Courtesy of Pam Martens

Closing Prices of Bank Stocks on June 11, 2020

By Pam Martens and Russ Martens

Every major Wall Street bank tanked yesterday. Citigroup fared the worst, losing 13.37 percent of its market value versus a broader market decline of 5.89 percent on the S&P 500 Index. Bank of America didn’t look like much of a source of strength either, losing 10.04 percent on the day. The largest bank in the country, JPMorgan Chase, whose CEO, Jamie Dimon, perpetually brags about its “fortress balance sheet,” lost 8.34 percent. For a close look at what’s hiding in the tall weeds behind that fortress, see here.

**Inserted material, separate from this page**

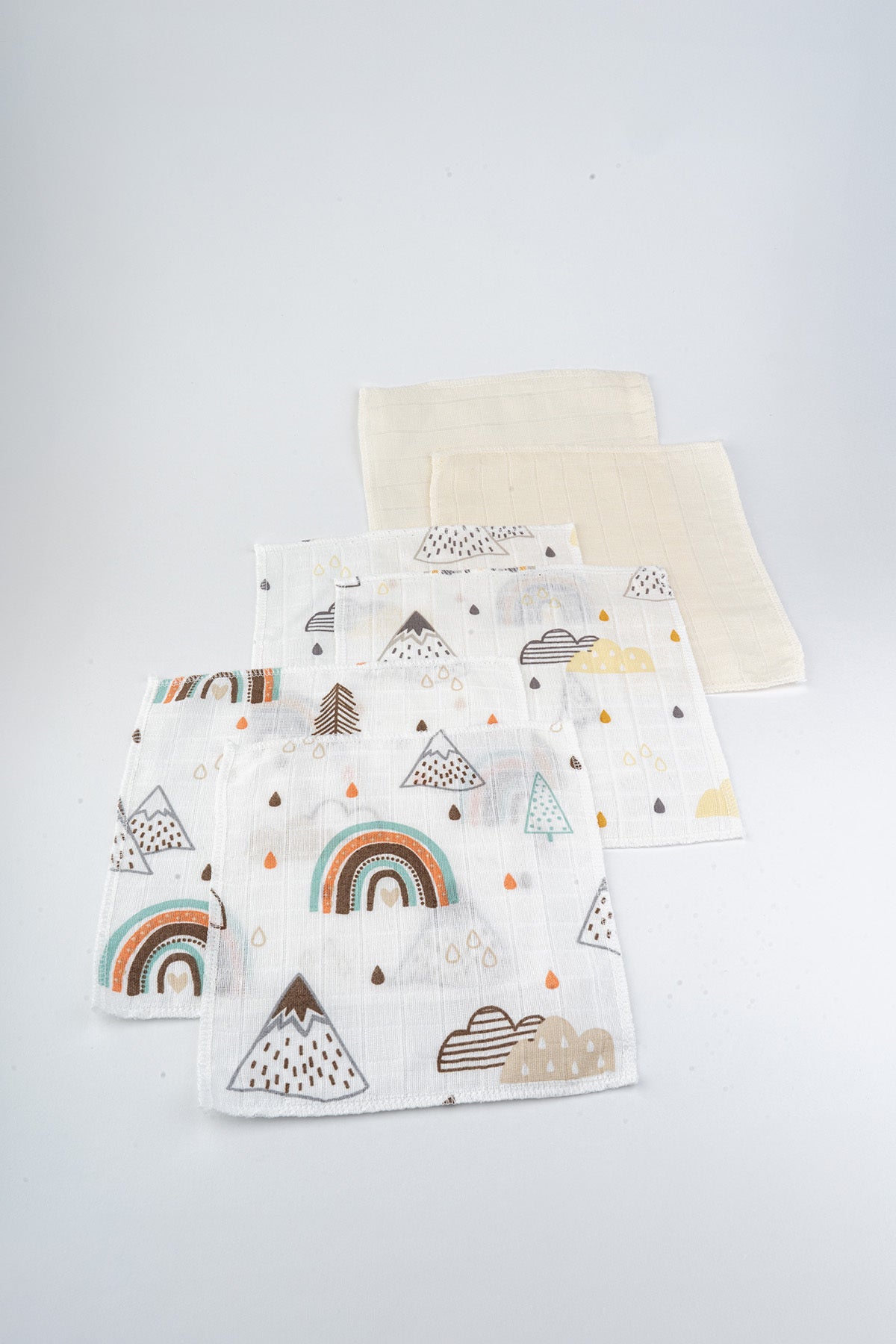 Müslin Bebek Ağız Mendili %100 Pamuk 6'lı 20x20cm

Just the afternoon before this bank carnage, this is what the Chairman of the Federal Reserve, Jerome Powell, had to say in his press conference about the U.S. banking system (which, of course, the Fed has been in charge of supervising in order to prevent another catastrophic blowup as occurred in 2008):

“You have a banking system that is so much better capitalized, so much stronger, better aware of its risks, better at managing its risks, more highly liquid. You have all of those things and they’ve been lending, they’ve been taking in deposits, they’ve been a source of strength in this situation.”

If these mega banks on Wall Street are in such good shape, why did the Fed have to jump in on September 17, 2019 – months before the first COVID-19 case appeared anywhere in the world – and start pumping hundreds of billions of dollars a week in loans to the trading units owned by these banks?